# Local Visual QA with LLaMA 3.2 Vision
## ABB #6 - Session 2

Code authored by: Shaw Talebi

### imports

In [1]:
import ollama
import gradio as gr
import time

### basic usage

Ensure ollama is installed and running locally: https://ollama.com/

In [2]:
# pull model
ollama.pull('llama3.2-vision')

ProgressResponse(status='success', completed=None, total=None, digest=None)

In [3]:
# interact with model (locally)
stream = ollama.chat(
    model='llama3.2-vision',
    messages=[{
        'role': 'user',
        'content': "What color is Shaw's hat?",
        'images': ['content/shaw.jpeg']
    }],
    stream=True,
)

for chunk in stream:
    print(chunk['message']['content'], end='', flush=True)

Shaw's hat is black.

### gradio UI

In [4]:
# function to refactor Gradio's message history into an ollama compatible format
def refactor_for_ollama(history):
    refactored = []
    temp_user_message = None

    for entry in history:
        role = entry.get("role")
        content = entry.get("content")
        images = []

        # Handle image-only user message
        if role == "user" and isinstance(content, tuple):
            image_path = content[0] if content else None
            if image_path:
                images = [image_path]
            temp_user_message = {"role": "user", "images": images, "content": ""}
        
        # Handle text-only or combined text-and-image message
        elif role == "user" and isinstance(content, str):
            if temp_user_message:
                temp_user_message["content"] = content
                refactored.append(temp_user_message)
                temp_user_message = None
            else:
                refactored.append({"role": "user", "content": content, "images": entry.get("images", [])})

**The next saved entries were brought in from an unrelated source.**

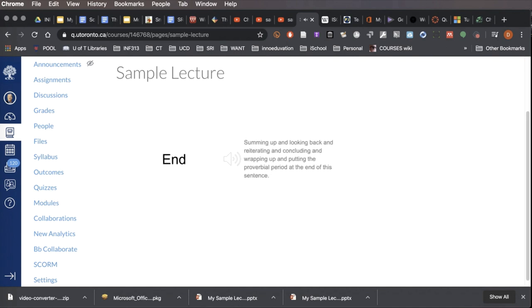And finally, here we are at the end. We'll sum up what we said. If you've been asleep the whole time, maybe you can wake up now, get some bullet points, write some stuff down in your notes, and then we'll wrap it up and say thanks for attending.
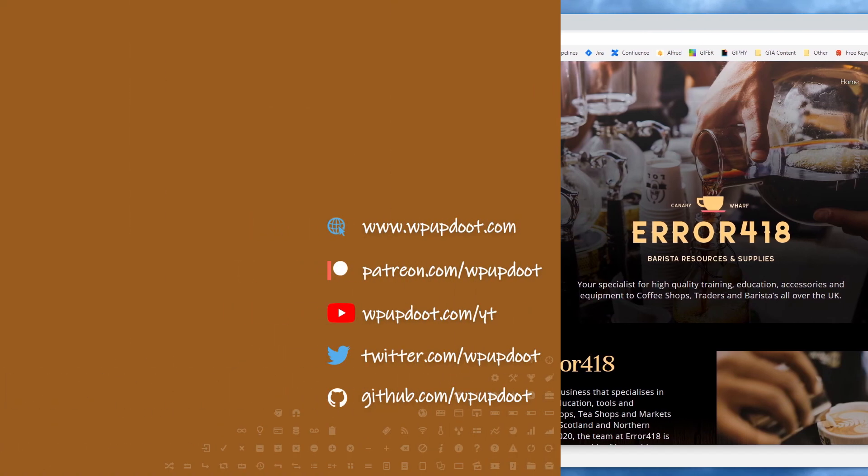Thanks for watching. Check out the videos on the left for some more WordPress tips or if you're new to the channel consider subscribing so YouTube lets you know whenever we post new tip vids. Stay safe, wash your hands and we'll see you in the next video.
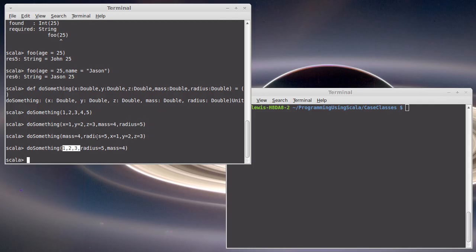Anyway, that covers the topic of default and named arguments. So now you can understand how the copy method was actually written in the code. And you can do this type of technique in your own code as well.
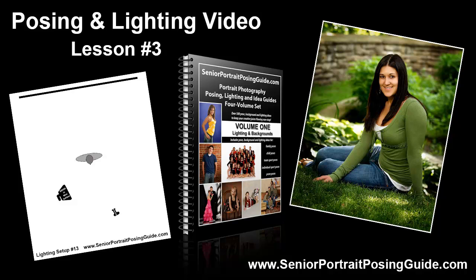Hello, this is Dave Meyer at seniorportraitposingguide.com and this is posing and lighting video lesson number three. In today's video we're going to walk through the pose and lighting setup for this image of a high school senior girl in a seated position outside.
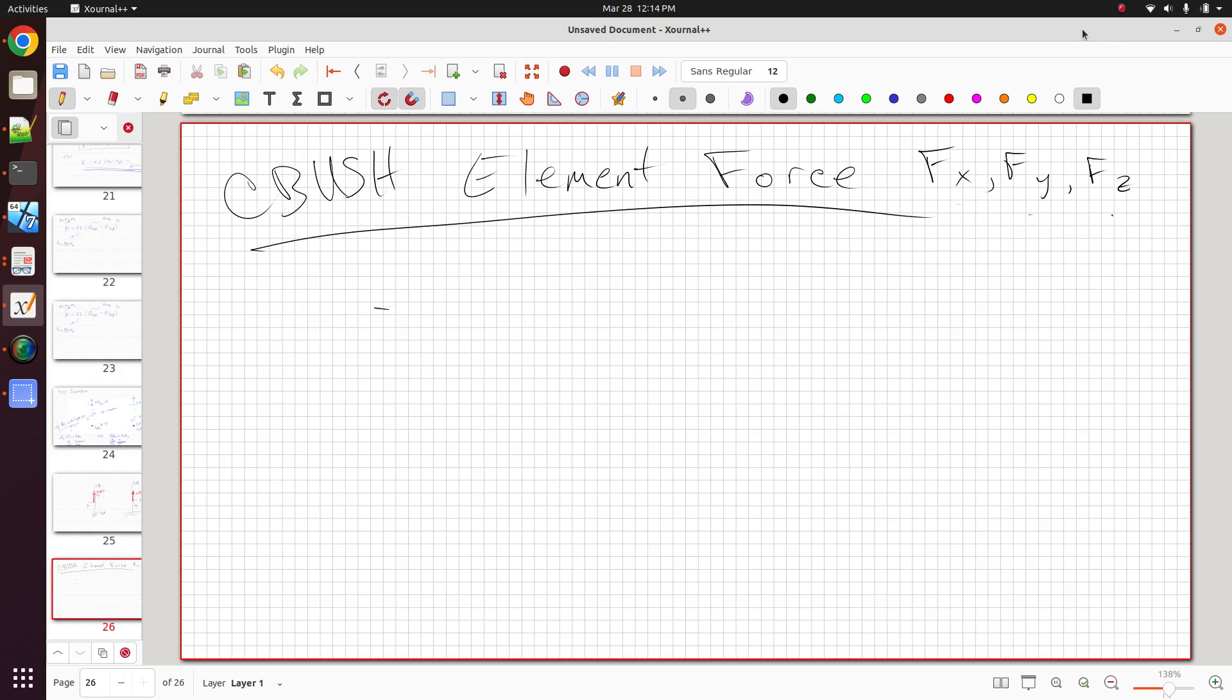In this video, I want to talk about the CBUSH element force equations for Fx, Fy, and Fz.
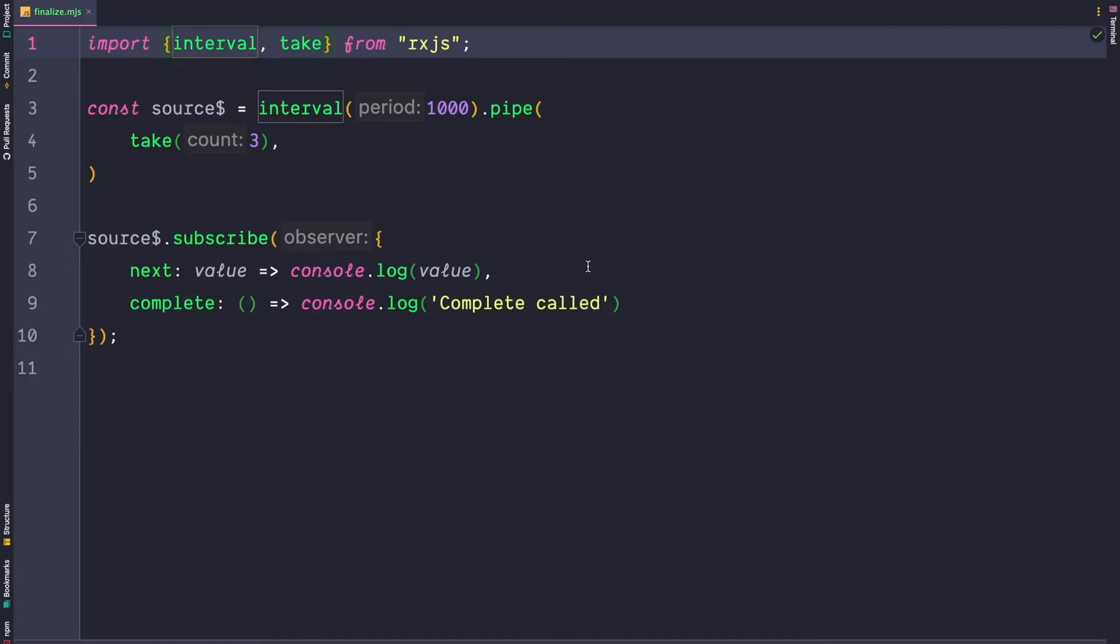Therefore it's typically used to perform some teardown logic. A practical example for the finalize operator is for example an HTTP request. When you perform an HTTP request you often show a loading indicator.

        # Handle assistant messages or other roles
        elif role == "assistant":
            refactored.append({"role": role, "content": content})

    return refactored

In [5]:
# Function to interact with the Ollama model
def stream_chat(message, history):
    """
    Streams the response from the Ollama model and sends it to the Gradio UI.
    
    Args:
        message (str): The user input message.
        history (list): A list of previous conversation messages.
        
    Yields:
        str: The chatbot's response chunk by chunk.
    """
    # Preprocess the 'files' to extract file paths
    processed_files = []
    if "files" in message:
        for file in message["files"]:
            # Check if file is a dict with a 'path' key and extract it
            if isinstance(file, dict) and 'path' in file:
                processed_files.append(file['path'])
            else:
                processed_files.append(file)

    
    # Append the user message to the conversation history
    history.append({"role": "user", "content": message["text"], "images":processed_files})

    # Initialize streaming from Ollama
    stream = ollama.chat(
        model='llama3.2-vision',
        messages=refactor_for_ollama(history),  # Full chat history including the current user message
        stream=True,
    )

    response_text = ""
    for chunk in stream:
        content = chunk['message']['content']
        response_text += content
        yield response_text  # Send the response incrementally to the UI

    # Append the assistant's full response to the history
    history.append({"role": "assistant", "content": response_text})

In [6]:
# Create a Gradio ChatInterface
demo = gr.ChatInterface(
    fn=stream_chat,  # The function handling the chat
    type="messages",  # Using "messages" to enable chat-style conversation
    examples=[{"text": "What color is Shaw's hat?", "files": ['content/shaw.jpeg']}],  # Example inputs
    multimodal=True,
)

demo.launch()

* Running on local URL:  http://127.0.0.1:7860
* To create a public link, set `share=True` in `launch()`.